Sertifikat halal tersebut bernomorkan ID00410000019421020. Dalam sertifikat tersebut mencakup tiga nama produk vaksin Covid-19 yaitu CoronaVac, Vaksin Covid-19, dan Cov2Bio.

Baca Juga : Antisipasi Penularan Covid-19, Begini Menurut Dokter!
Baca Juga: Tekan Peningkatan Penyebaran Covid-19, Pemerintah Terapkan PPKM di Jawa-Bali

“Sertifikat ini sudah mencakup tiga nama produk vaksin yang diproduksi oleh PT Bio Farma (Persero),” jelas Sukoso.

Pihaknya, menegaskan, penerbitan sertifikat halal tersebut telah sesuai dengan ketentuan dalam Undang-undang Nomor 33 Tahun 2014 tentang Jaminan Produk Halal dan Undang-undang Nomor 11 Tahun 2020 tentang Cipta Kerja.

Lebih lanjut, pihaknya, mengaku, telah menerima permohonan sertifikasi sejak 14 Oktober yang lalu.

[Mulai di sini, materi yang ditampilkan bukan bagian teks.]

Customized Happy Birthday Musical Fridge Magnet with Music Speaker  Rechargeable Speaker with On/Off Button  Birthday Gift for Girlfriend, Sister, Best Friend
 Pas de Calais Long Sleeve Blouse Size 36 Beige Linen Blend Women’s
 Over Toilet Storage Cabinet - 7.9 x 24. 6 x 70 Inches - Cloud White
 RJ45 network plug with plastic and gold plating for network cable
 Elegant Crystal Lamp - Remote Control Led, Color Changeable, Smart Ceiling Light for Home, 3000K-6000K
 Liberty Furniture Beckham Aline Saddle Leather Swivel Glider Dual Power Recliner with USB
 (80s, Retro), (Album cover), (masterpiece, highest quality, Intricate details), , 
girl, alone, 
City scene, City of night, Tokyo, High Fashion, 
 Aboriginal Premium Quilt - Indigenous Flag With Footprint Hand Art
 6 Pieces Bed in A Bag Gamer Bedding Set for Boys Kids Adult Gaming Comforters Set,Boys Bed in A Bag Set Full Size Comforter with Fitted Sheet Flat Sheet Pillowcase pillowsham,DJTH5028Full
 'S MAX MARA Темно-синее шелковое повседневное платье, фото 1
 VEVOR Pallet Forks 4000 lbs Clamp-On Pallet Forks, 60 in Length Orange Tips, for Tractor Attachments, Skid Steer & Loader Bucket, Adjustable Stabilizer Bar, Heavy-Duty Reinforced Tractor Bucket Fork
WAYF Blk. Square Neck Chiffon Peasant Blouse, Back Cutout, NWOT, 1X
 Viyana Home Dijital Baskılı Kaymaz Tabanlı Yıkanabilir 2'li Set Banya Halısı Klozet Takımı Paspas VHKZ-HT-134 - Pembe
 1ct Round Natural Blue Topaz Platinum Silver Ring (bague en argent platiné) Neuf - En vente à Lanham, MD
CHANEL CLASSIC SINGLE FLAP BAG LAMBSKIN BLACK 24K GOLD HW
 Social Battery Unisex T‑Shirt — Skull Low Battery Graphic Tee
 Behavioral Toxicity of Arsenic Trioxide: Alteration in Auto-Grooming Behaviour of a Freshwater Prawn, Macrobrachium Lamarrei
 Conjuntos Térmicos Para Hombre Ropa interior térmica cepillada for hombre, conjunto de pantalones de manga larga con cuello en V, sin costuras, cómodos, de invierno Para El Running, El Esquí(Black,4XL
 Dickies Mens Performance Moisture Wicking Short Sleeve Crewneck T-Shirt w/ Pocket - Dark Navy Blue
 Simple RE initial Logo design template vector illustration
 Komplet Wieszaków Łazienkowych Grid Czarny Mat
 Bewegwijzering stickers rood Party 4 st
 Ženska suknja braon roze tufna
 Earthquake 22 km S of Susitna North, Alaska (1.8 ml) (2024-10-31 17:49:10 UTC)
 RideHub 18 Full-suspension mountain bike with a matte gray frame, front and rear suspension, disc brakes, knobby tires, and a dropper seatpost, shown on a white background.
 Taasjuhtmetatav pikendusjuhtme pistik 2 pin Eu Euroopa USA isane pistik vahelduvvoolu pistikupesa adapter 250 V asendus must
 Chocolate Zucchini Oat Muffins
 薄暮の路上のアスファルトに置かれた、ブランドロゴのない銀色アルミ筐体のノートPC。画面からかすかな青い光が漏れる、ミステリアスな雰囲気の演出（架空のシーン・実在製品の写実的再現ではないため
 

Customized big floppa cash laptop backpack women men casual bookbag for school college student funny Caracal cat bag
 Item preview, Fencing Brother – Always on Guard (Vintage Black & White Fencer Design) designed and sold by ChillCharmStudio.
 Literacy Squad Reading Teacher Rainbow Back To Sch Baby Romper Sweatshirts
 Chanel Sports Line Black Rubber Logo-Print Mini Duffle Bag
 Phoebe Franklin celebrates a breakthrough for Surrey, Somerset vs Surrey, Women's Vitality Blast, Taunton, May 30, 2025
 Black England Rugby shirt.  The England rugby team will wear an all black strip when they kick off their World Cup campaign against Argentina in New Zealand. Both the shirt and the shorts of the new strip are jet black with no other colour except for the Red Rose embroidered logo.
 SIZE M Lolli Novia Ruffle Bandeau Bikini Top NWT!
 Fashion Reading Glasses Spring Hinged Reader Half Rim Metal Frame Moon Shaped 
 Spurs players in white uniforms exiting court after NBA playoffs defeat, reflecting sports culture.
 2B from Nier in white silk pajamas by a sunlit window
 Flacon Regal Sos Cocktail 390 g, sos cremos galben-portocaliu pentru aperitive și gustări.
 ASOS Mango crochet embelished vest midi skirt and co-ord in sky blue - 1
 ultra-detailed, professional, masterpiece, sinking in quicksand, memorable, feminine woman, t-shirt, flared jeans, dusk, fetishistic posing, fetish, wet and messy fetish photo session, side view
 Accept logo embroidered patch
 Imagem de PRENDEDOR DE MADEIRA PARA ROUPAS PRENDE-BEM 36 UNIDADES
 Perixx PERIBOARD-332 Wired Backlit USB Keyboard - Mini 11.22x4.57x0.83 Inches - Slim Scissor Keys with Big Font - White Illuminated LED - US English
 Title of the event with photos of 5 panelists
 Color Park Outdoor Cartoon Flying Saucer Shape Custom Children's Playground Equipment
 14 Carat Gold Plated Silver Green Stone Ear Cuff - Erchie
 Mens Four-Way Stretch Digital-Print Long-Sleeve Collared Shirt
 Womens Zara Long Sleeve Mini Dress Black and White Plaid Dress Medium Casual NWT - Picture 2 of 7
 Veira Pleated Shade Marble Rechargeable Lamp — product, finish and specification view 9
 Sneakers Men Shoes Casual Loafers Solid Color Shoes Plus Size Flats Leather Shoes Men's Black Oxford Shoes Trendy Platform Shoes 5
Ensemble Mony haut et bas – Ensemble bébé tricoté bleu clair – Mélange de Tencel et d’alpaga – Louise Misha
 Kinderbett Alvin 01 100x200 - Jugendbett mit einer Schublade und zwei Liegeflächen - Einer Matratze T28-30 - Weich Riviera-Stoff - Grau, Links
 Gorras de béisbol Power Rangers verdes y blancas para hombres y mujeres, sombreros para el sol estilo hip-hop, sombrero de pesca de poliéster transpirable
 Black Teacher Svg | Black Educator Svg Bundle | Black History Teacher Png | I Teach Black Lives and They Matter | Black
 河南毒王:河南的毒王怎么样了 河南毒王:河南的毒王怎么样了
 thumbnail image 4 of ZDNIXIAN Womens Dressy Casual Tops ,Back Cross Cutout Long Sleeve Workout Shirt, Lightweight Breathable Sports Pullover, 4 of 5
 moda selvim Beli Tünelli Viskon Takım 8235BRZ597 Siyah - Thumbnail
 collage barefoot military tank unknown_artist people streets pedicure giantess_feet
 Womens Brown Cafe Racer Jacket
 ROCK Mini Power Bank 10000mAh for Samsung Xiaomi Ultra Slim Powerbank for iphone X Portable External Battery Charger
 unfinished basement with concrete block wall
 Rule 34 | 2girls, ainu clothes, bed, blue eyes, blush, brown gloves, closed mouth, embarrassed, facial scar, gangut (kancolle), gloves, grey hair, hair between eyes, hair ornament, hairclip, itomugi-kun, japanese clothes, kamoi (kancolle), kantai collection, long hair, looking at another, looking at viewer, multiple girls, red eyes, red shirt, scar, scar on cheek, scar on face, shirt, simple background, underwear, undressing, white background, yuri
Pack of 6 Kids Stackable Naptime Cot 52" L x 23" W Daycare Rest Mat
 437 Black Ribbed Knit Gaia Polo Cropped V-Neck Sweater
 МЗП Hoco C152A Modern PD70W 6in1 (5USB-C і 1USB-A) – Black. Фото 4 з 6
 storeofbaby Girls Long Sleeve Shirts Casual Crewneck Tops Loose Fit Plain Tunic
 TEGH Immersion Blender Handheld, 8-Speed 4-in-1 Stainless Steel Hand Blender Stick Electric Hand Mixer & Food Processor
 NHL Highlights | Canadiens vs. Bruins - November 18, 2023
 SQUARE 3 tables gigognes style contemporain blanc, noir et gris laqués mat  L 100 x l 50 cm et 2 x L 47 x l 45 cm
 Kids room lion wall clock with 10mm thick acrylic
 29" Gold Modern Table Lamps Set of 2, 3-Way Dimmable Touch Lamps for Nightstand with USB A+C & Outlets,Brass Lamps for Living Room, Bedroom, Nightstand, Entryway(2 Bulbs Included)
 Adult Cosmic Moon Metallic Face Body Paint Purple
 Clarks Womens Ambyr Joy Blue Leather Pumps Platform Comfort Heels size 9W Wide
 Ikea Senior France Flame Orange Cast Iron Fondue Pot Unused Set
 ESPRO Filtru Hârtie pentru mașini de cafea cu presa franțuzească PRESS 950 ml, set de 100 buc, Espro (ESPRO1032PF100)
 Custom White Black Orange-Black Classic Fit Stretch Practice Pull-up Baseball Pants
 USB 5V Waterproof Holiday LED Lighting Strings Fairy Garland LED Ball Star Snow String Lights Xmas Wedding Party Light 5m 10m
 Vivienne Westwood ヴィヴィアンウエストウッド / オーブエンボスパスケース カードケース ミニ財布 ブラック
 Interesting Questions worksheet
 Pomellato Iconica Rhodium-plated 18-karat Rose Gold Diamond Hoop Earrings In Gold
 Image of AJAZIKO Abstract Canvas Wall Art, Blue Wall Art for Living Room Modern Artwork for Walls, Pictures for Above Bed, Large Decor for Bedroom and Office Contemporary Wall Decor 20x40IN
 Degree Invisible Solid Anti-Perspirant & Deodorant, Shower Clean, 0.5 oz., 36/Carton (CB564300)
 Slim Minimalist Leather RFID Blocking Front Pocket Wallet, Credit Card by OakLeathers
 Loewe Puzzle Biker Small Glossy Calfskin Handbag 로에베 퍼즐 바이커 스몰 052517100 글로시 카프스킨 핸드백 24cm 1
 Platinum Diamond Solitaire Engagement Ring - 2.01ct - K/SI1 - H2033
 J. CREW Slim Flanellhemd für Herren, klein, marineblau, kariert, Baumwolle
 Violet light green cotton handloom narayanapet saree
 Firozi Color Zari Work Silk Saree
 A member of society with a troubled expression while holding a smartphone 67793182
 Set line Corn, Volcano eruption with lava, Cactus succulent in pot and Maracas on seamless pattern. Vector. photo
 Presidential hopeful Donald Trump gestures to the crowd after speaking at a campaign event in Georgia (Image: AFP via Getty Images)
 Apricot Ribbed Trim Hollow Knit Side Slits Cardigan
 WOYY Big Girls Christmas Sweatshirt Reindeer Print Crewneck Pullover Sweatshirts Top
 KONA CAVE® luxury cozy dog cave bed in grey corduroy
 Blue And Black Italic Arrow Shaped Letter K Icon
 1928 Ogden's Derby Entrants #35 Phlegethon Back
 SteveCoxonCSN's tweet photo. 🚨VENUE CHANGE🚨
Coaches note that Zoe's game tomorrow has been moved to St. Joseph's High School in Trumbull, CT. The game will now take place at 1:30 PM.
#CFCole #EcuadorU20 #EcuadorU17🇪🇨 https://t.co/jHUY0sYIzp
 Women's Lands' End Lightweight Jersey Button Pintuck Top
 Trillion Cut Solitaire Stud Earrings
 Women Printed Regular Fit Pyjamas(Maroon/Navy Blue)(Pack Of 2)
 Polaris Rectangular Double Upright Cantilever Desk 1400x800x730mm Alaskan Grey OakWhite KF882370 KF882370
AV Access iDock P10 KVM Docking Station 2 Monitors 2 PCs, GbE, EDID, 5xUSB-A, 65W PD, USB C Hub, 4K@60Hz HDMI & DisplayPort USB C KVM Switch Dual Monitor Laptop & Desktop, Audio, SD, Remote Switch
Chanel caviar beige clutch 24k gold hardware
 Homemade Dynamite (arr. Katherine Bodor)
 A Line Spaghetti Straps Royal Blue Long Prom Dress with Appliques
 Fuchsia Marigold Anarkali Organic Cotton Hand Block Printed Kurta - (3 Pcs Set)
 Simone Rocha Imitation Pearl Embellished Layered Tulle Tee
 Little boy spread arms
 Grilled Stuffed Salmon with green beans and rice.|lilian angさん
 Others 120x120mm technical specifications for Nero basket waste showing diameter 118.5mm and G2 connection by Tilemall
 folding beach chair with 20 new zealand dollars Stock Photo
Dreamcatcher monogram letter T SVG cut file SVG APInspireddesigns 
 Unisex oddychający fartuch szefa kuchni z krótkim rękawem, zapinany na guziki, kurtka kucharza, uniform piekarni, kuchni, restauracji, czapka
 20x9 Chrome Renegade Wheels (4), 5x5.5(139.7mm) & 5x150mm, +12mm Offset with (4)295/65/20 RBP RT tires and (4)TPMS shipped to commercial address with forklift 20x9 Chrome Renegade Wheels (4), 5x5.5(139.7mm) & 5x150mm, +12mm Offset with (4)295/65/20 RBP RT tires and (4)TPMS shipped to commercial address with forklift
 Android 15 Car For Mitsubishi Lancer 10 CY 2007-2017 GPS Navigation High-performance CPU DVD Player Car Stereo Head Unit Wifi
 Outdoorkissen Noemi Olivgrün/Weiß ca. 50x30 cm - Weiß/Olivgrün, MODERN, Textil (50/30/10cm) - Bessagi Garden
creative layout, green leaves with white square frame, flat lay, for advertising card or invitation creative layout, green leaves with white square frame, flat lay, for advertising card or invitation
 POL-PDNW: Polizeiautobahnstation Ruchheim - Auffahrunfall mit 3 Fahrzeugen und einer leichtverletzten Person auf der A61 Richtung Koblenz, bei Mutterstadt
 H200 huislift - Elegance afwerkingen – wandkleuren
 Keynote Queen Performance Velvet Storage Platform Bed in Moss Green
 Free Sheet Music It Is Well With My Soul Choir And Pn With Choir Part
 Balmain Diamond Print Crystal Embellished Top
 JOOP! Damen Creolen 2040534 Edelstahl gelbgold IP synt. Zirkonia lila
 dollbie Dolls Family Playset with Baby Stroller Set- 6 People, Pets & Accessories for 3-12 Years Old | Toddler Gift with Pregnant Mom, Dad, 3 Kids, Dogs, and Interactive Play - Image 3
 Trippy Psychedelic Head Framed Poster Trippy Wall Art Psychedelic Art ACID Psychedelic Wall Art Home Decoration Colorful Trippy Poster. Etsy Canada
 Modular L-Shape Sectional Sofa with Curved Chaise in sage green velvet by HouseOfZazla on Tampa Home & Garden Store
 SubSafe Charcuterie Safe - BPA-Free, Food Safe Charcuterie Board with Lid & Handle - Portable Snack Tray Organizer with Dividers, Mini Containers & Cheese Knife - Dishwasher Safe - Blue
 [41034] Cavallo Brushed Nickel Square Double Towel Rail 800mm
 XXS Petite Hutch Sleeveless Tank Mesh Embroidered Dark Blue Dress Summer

Sementara Lembaga Pengkajian Pangan, Obat-obatan, dan Kosmetika Majelis Ulama Indonesia (LPPOM MUI) juga telah melakukan pengujian vaksin tersebut.

“LPPOM MUI selaku lembaga pemeriksa halal telah melakukan pemeriksaan dan atau pengujian sejak Oktober 2020 hingga Januari 2021,” jelasnya.

Baca Juga : Pisah Kenang Kapolres Lumajang, AKBP Eka Gantikan AKBP Deddy
Baca Juga : Gus Menteri Sebut Dana Desa Efektif Tangani Covid-19

Dari hasil pengujian itulah yang menjadi bahan pertimbangan dalam Sidang Fatwa MUI guna menetapkan kehalalan vaksin tersebut. Sehingga, 11 Januari kemarin, MUI mengeluarkan Fatwa Nomor 2 tahun 2021 tentang ketetapan kehalalan vaksin Sinovac.

Dalam fatwa tersebut, vaksin Covid-19 hukumnya suci dan halal serta boleh digunakan untuk umat Islam sepanjang terjamin keamanannya menurut ahli yang kredibel dan kompeten.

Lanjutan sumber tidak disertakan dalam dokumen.